Your doctor will perform all injections of XIAFLEX. XIAFLEX should only be used by an approved practitioner who will be able to display (or show you) such an authorisation.

This medicine must only be injected into the collagen cord in your hand by your doctor. Up to two cords or two affected joints in the same hand can be injected at the same time during a treatment visit. Two palpable cords affecting two joints may be injected or one palpable cord affecting two joints in the same finger may be injected at two locations during a treatment visit.

Your doctor will take care to avoid injecting into tendons, nerves or blood vessels.

Incorrect injection into tendons, nerves or blood vessels may result in bleeding or damage and possible permanent injury to these structures.

If your cord(s) to be treated is attached to the skin, you are at higher risk of the skin splitting or tearing during the finger(s) extension procedure following the injection of XIAFLEX. This will usually be treated by applying a dressing. In severe cases a skin graft may be required.

How much is given

Each vial of XIAFLEX and sterile solvent for reconstitution should only be used for a single injection.

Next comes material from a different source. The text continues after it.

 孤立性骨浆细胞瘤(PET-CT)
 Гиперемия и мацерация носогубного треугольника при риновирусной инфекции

If cords of two affected joints on the same hand are to be treated during a treatment visit, separate vials and syringes should be used for each reconstitution and injection.

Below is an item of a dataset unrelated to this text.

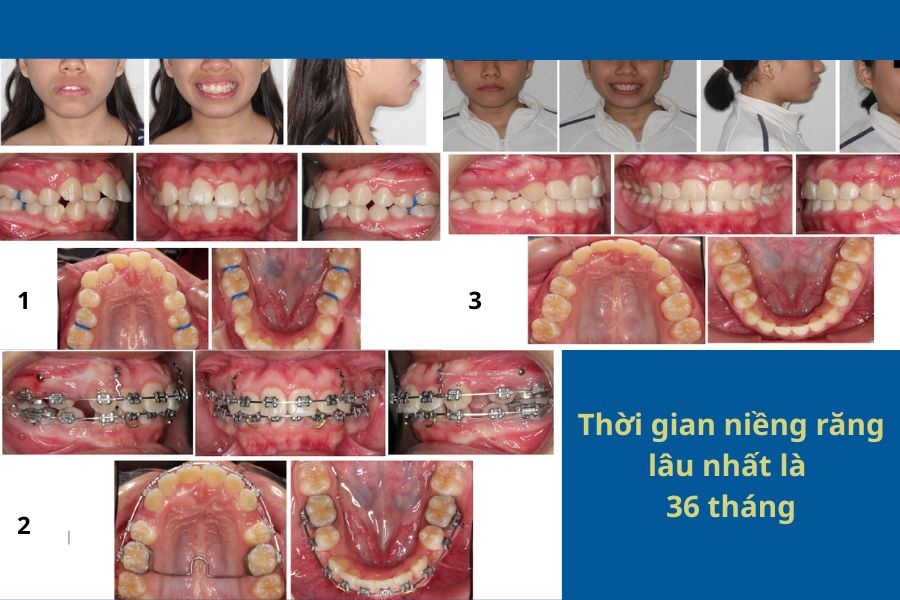 Thời gian niềng răng lâu nhất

The recommended dose of your prescribed medicine is 0.58mg.

The total volume of the injection depends on the joint(s) being treated.

Your doctor will carefully select an area where the collagen cord(s) is best accessible and will proceed with the injection into the cord(s).

If you take too much (overdose)

As this product is administered to you by your doctor it is very unlikely that you will be given an incorrect dosage. In the unlikely event that your doctor administers a higher dosage than recommended, you may experience an increase in the severity of possible side effects especially reactions at the injection site listed under “Side effects” in this leaflet.

You can telephone your doctor or the Poisons Information Centre on 13 11 26 for advice on overdose management.

If you have any further questions on the use of this product, ask your doctor or pharmacist.

Clinical study experience with XIAFLEX is currently limited to up to 3 injections per cord at approximately 4 weeks interval.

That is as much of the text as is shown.